## Records
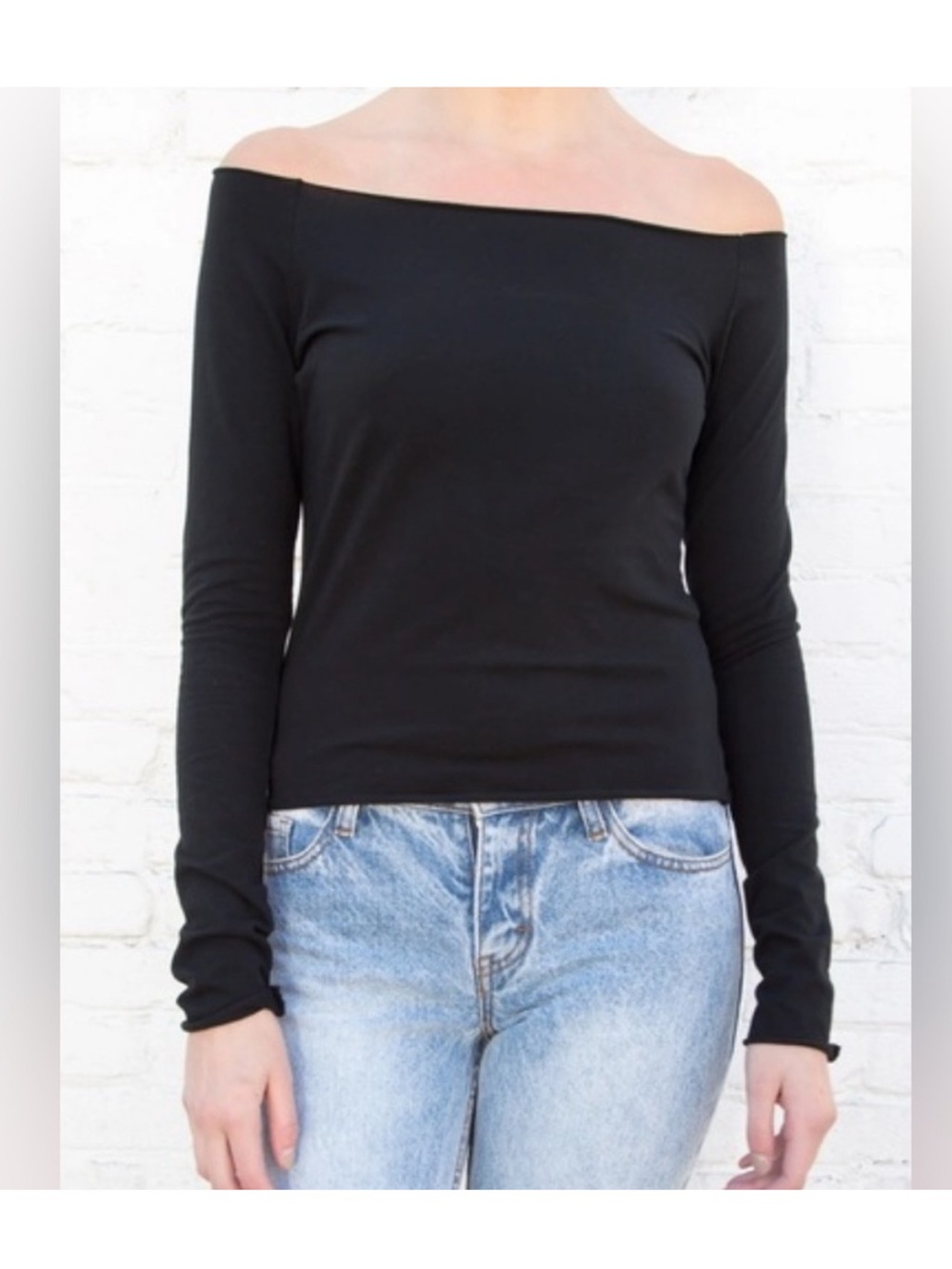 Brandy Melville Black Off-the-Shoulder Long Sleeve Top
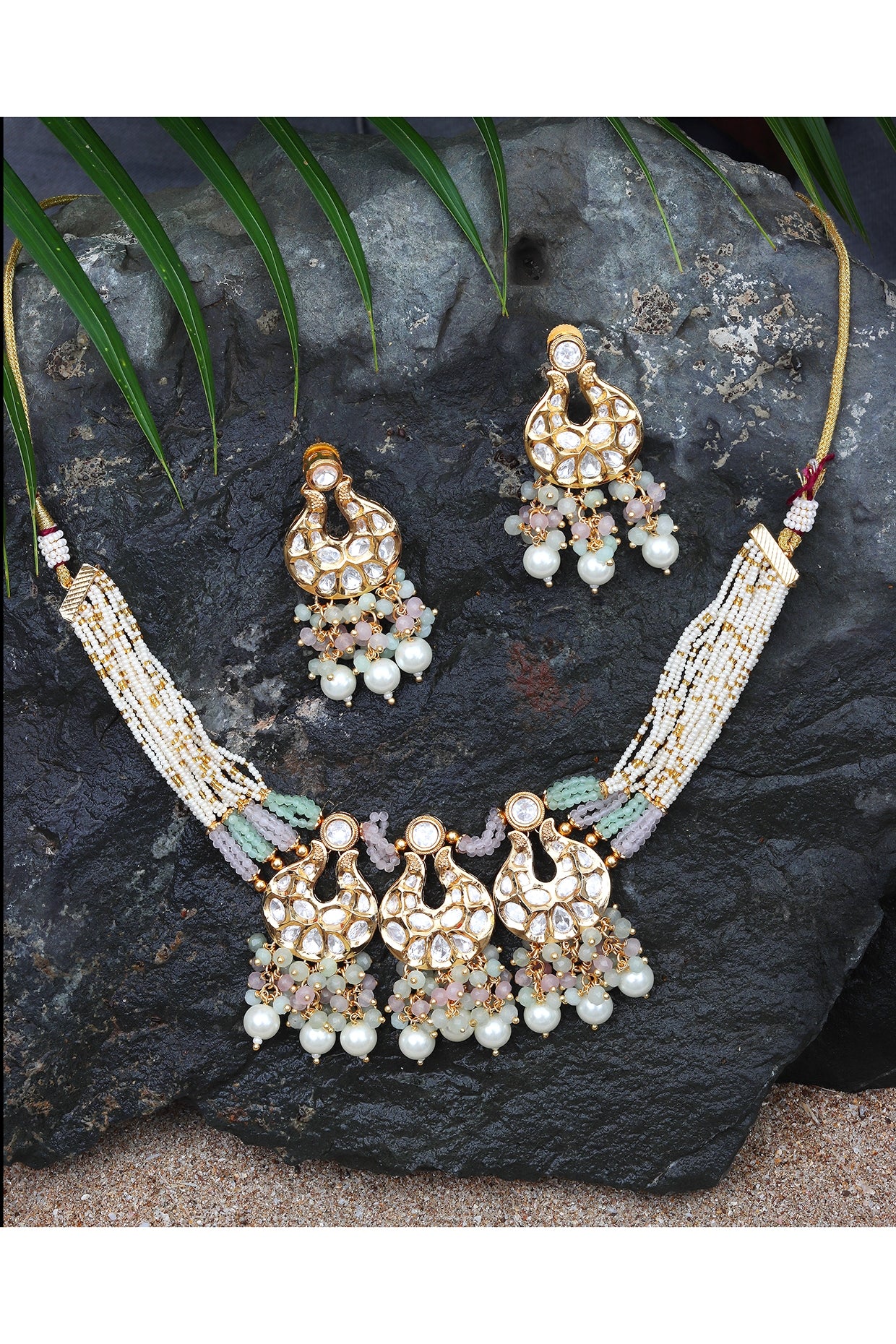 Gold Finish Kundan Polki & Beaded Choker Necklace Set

--

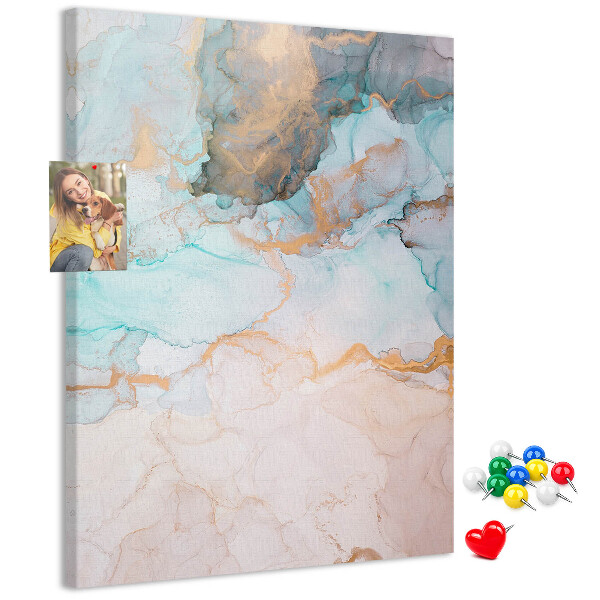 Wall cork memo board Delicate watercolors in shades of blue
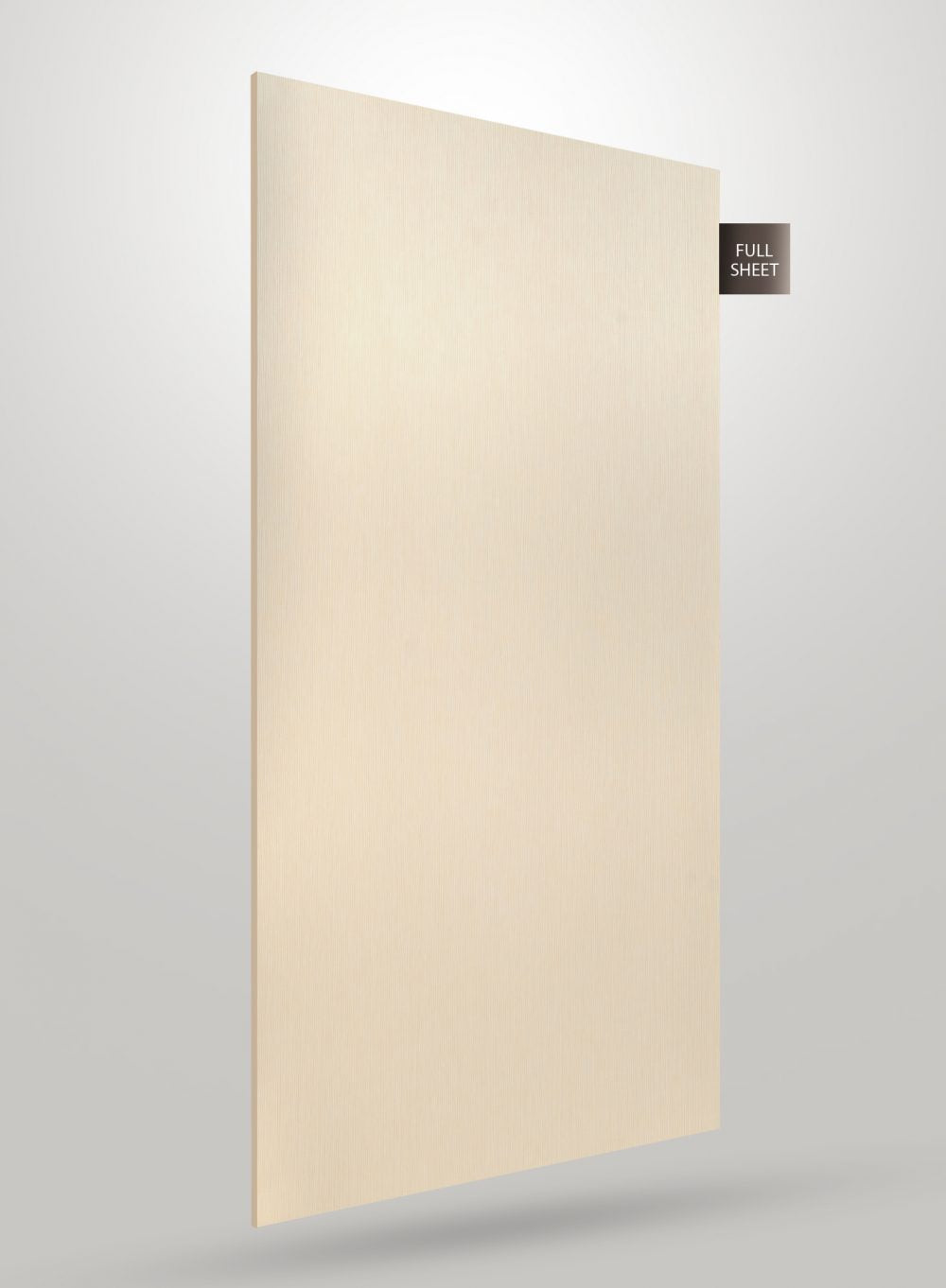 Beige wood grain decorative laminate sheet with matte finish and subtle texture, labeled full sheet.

--

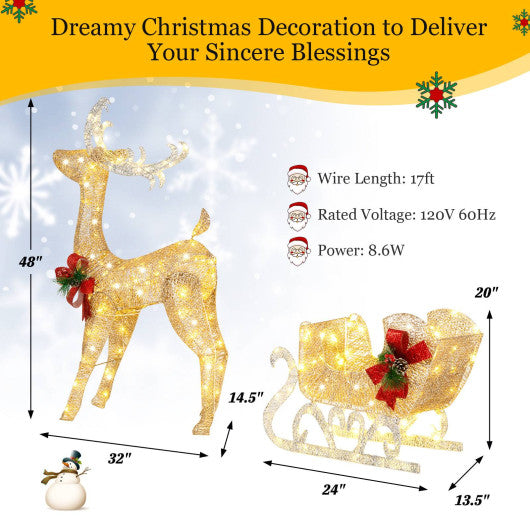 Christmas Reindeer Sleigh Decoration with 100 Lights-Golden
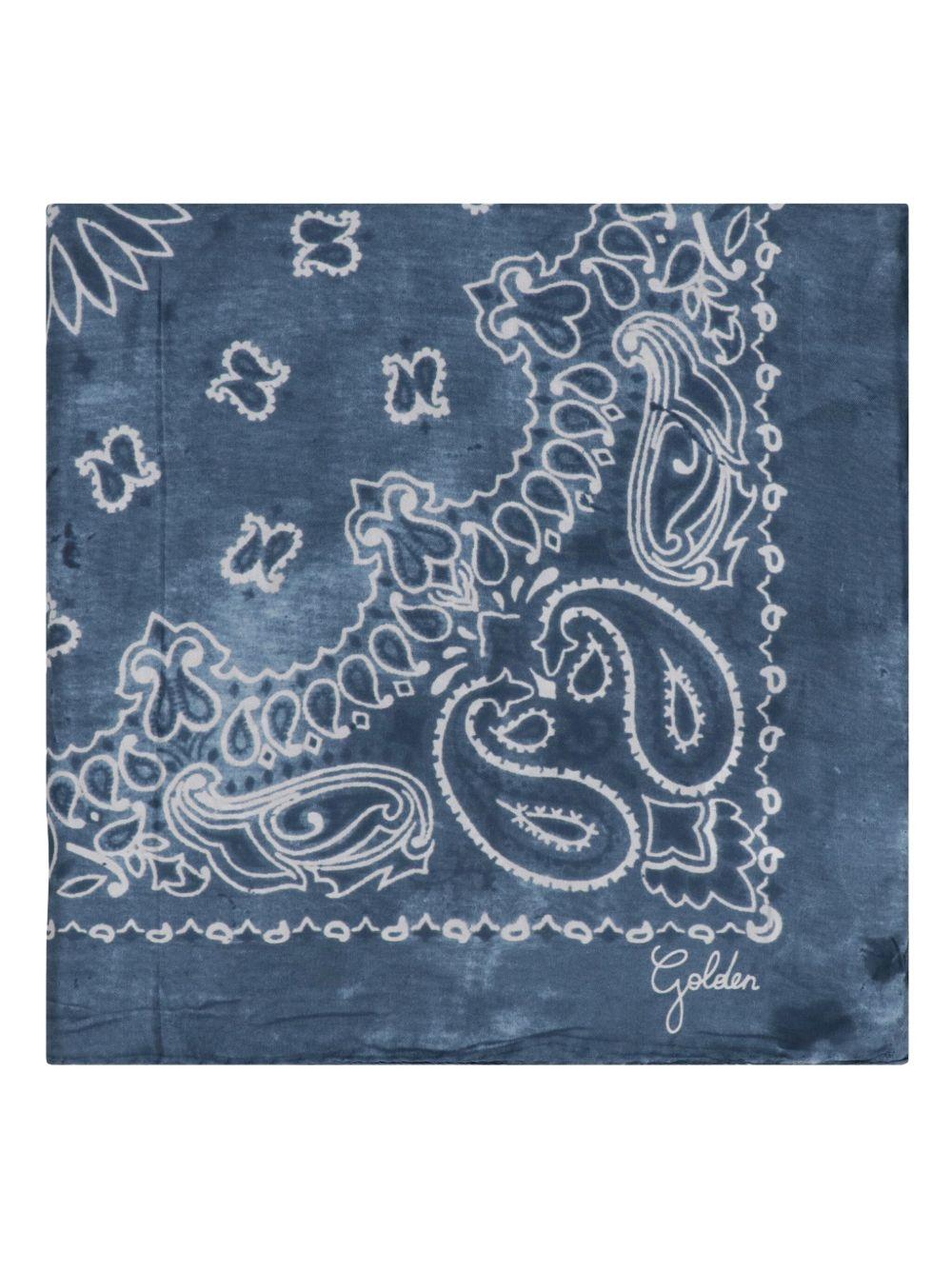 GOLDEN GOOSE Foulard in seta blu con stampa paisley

## Your task
Using the data above, return the lines from the one holding "Brandy Melville Black" through the one holding "Gold Finish Kundan" exactly, but not the pictures.

## Result below
 Brandy Melville Black Off-the-Shoulder Long Sleeve Top
 Gold Finish Kundan Polki & Beaded Choker Necklace Set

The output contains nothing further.